Em meio a todo o sistema da dialética, pode se interpretar que toda a ação ou movimento humano acaba acontecendo justamente por essa contradição de ideias entre um grupo e outro. Sempre há de haver divergência, estando um errado ou não, esses movimentos humanos de contradição geram a síntese. Aplicada a situação discutida, o Estado, especificamente, o governo Bolsonaro, é a grande síntese de todo o conflito, ou seja, o resultado das contradições entre a tese (indígenas, ativistas, veículos de comunicação) e a antítese (empresas agropecuárias). Como o Estado representa 3 poderes e entre eles, o judiciário, o qual vai elaborar uma síntese para o conflito, ele acaba, na situação discutida, por ser o pior produtor de sínteses possível.

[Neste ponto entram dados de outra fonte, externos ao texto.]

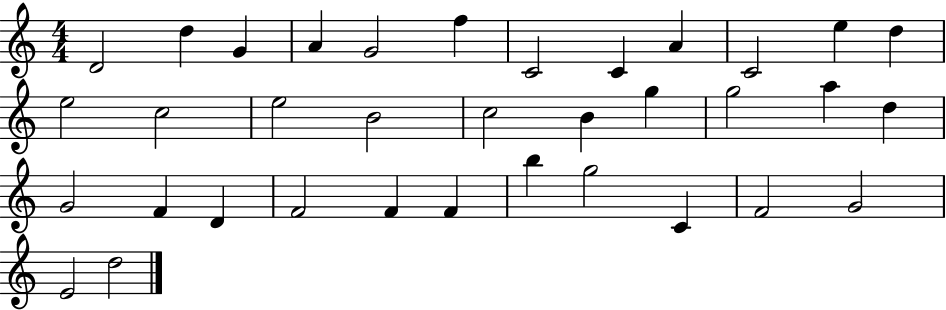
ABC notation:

X:1
T:Untitled
M:4/4
L:1/4
K:C
D2 d G A G2 f C2 C A C2 e d e2 c2 e2 B2 c2 B g g2 a d G2 F D F2 F F b g2 C F2 G2 E2 d2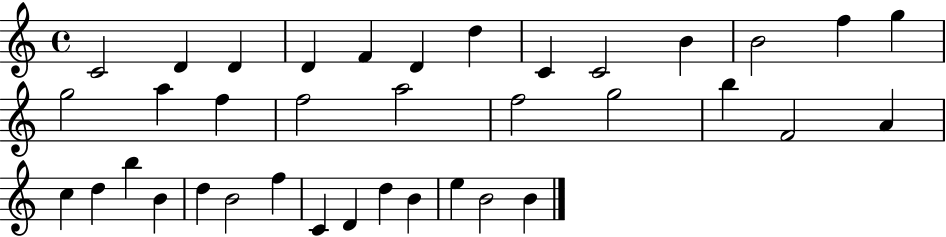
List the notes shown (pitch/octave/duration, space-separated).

C4/h D4/q D4/q D4/q F4/q D4/q D5/q C4/q C4/h B4/q B4/h F5/q G5/q G5/h A5/q F5/q F5/h A5/h F5/h G5/h B5/q F4/h A4/q C5/q D5/q B5/q B4/q D5/q B4/h F5/q C4/q D4/q D5/q B4/q E5/q B4/h B4/q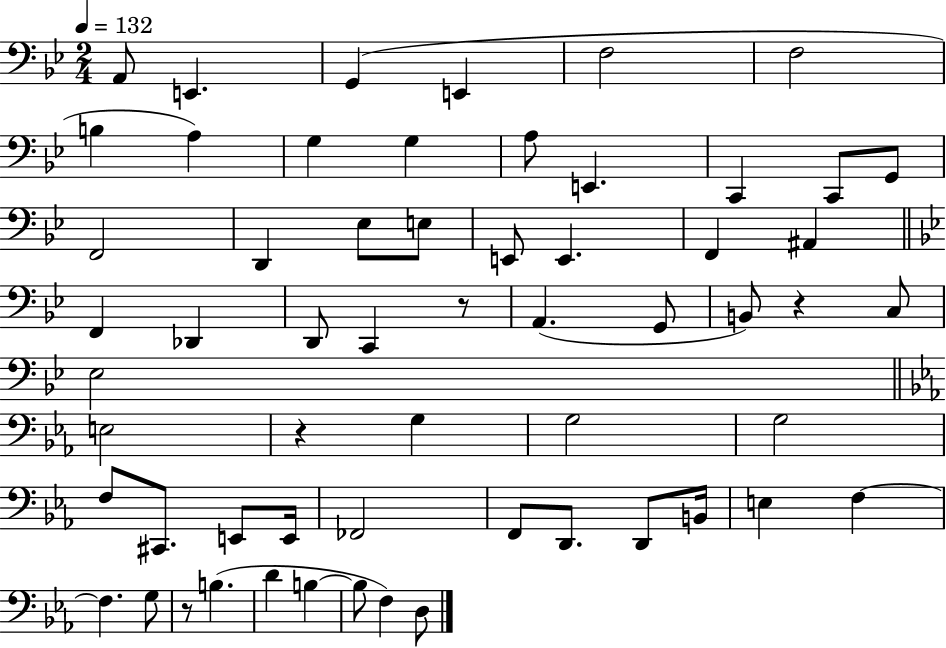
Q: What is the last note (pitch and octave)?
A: D3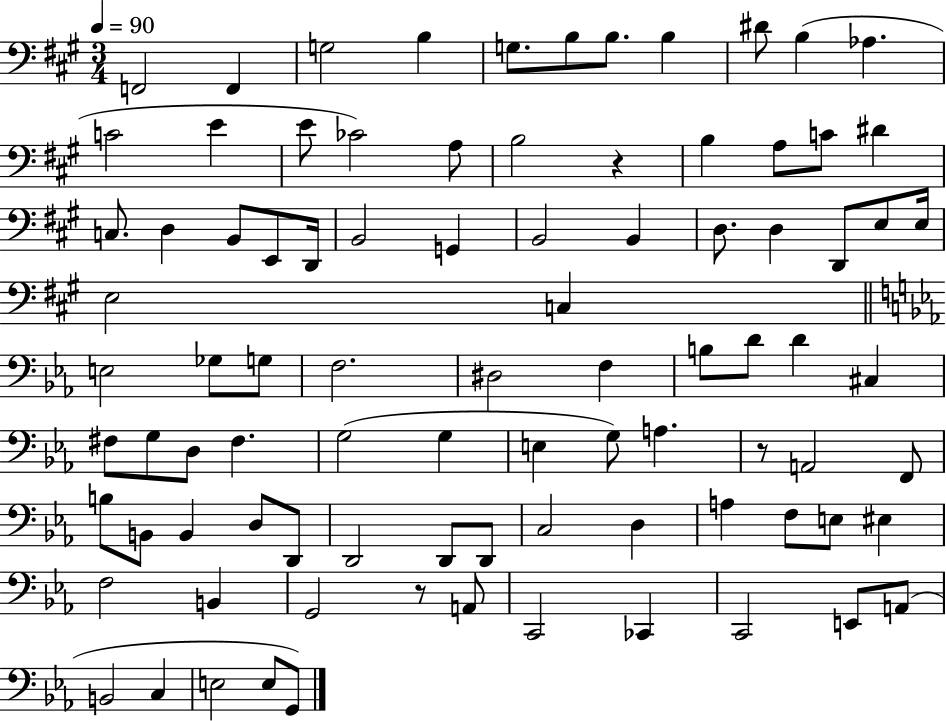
{
  \clef bass
  \numericTimeSignature
  \time 3/4
  \key a \major
  \tempo 4 = 90
  f,2 f,4 | g2 b4 | g8. b8 b8. b4 | dis'8 b4( aes4. | \break c'2 e'4 | e'8 ces'2) a8 | b2 r4 | b4 a8 c'8 dis'4 | \break c8. d4 b,8 e,8 d,16 | b,2 g,4 | b,2 b,4 | d8. d4 d,8 e8 e16 | \break e2 c4 | \bar "||" \break \key ees \major e2 ges8 g8 | f2. | dis2 f4 | b8 d'8 d'4 cis4 | \break fis8 g8 d8 fis4. | g2( g4 | e4 g8) a4. | r8 a,2 f,8 | \break b8 b,8 b,4 d8 d,8 | d,2 d,8 d,8 | c2 d4 | a4 f8 e8 eis4 | \break f2 b,4 | g,2 r8 a,8 | c,2 ces,4 | c,2 e,8 a,8( | \break b,2 c4 | e2 e8 g,8) | \bar "|."
}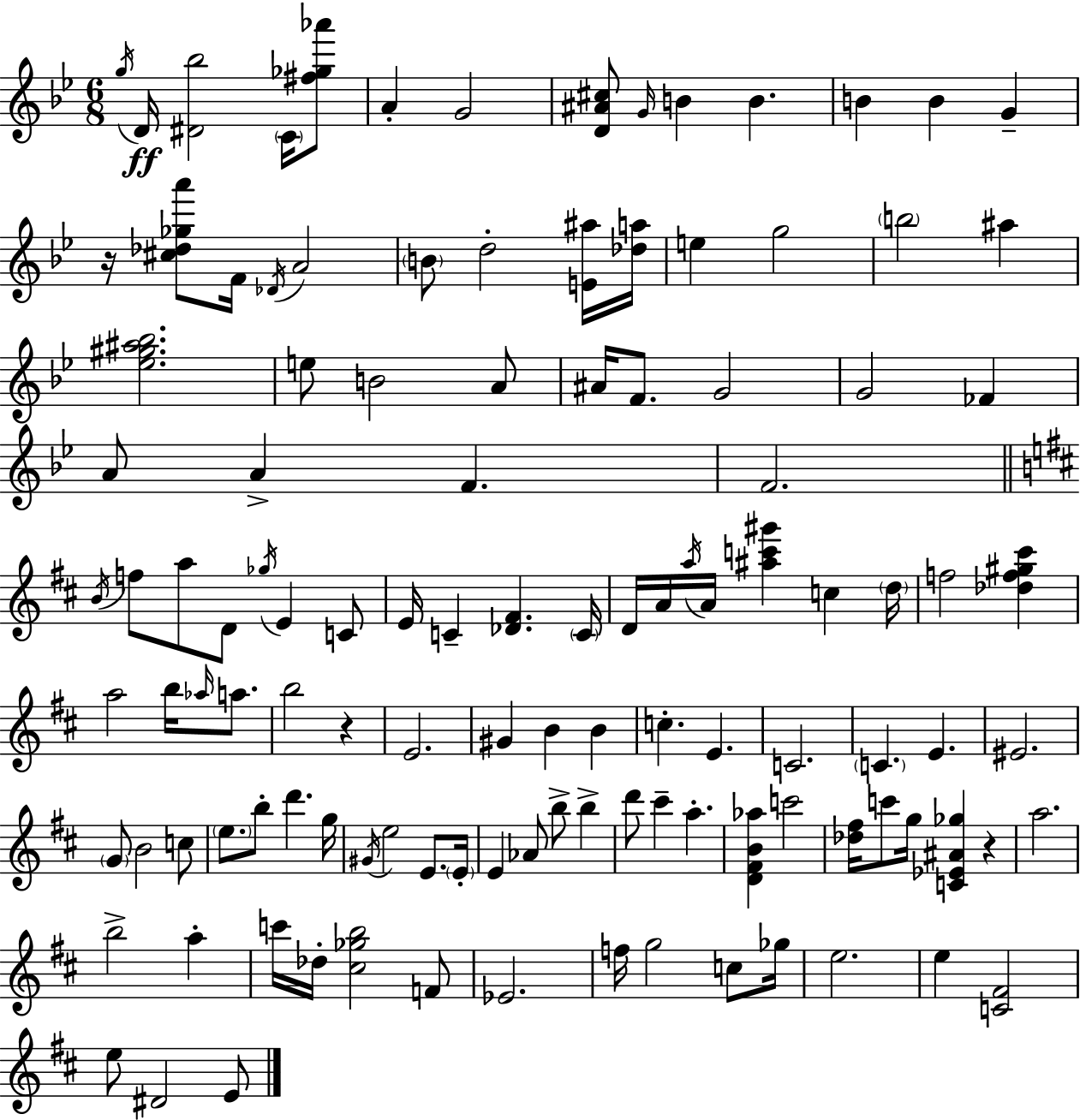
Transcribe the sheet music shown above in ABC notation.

X:1
T:Untitled
M:6/8
L:1/4
K:Bb
g/4 D/4 [^D_b]2 C/4 [^f_g_a']/2 A G2 [D^A^c]/2 G/4 B B B B G z/4 [^c_d_ga']/2 F/4 _D/4 A2 B/2 d2 [E^a]/4 [_da]/4 e g2 b2 ^a [_e^g^a_b]2 e/2 B2 A/2 ^A/4 F/2 G2 G2 _F A/2 A F F2 B/4 f/2 a/2 D/2 _g/4 E C/2 E/4 C [_D^F] C/4 D/4 A/4 a/4 A/4 [^ac'^g'] c d/4 f2 [_df^g^c'] a2 b/4 _a/4 a/2 b2 z E2 ^G B B c E C2 C E ^E2 G/2 B2 c/2 e/2 b/2 d' g/4 ^G/4 e2 E/2 E/4 E _A/2 b/2 b d'/2 ^c' a [D^FB_a] c'2 [_d^f]/4 c'/2 g/4 [C_E^A_g] z a2 b2 a c'/4 _d/4 [^c_gb]2 F/2 _E2 f/4 g2 c/2 _g/4 e2 e [C^F]2 e/2 ^D2 E/2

 Considerando que o governo Bolsonaro lucra com a antítese do agronegócio, é notório que não importa quantas manifestações sejam feitas por grupos indígenas, quantas objeções sejam proferidas por ativistas e quantas notícias informem a população, na maioria das vezes o Estado vai se inclinar a antítese- elaborada por Hegel- que o beneficia. Um exemplo dessa inclinação é o adiamento sobre a questão do marco temporal que está em vigor para ser imposto aos indígenas. Em meio a vários protestos dos grupos indígenas (tese) para que eles não tenham que obedecer a esse marco temporal,- o qual implica que as únicas terras que podem ser demarcadas como indígenas são aquelas que eles (os indígenas) conseguirem provar que estavam ocupando permanentemente antes ou na data exata em que a Constituição Federal de 1988 foi promulgada.- vários ruralistas defendem a exploração dessas terras (antítese), o que representa não só o desmatamento das terras mas também o genocídio cultural de várias comunidades indígenas que ocupam esses espaços (TAHYRINE, 2021). Como resposta, o STF (Supremo Tribunal Federal) abriu um julgamento no qual as sessões já foram suspensas e retomadas seis vezes, tornando todo o processo demorado e prejudicando os indígenas, já que eles não obtêm uma resposta concreta e ainda sofrem com a pressão dos ruralistas. Logo, isso evidencia a inclinação governamental à antítese, já que a situação indígena acaba sendo negligenciada.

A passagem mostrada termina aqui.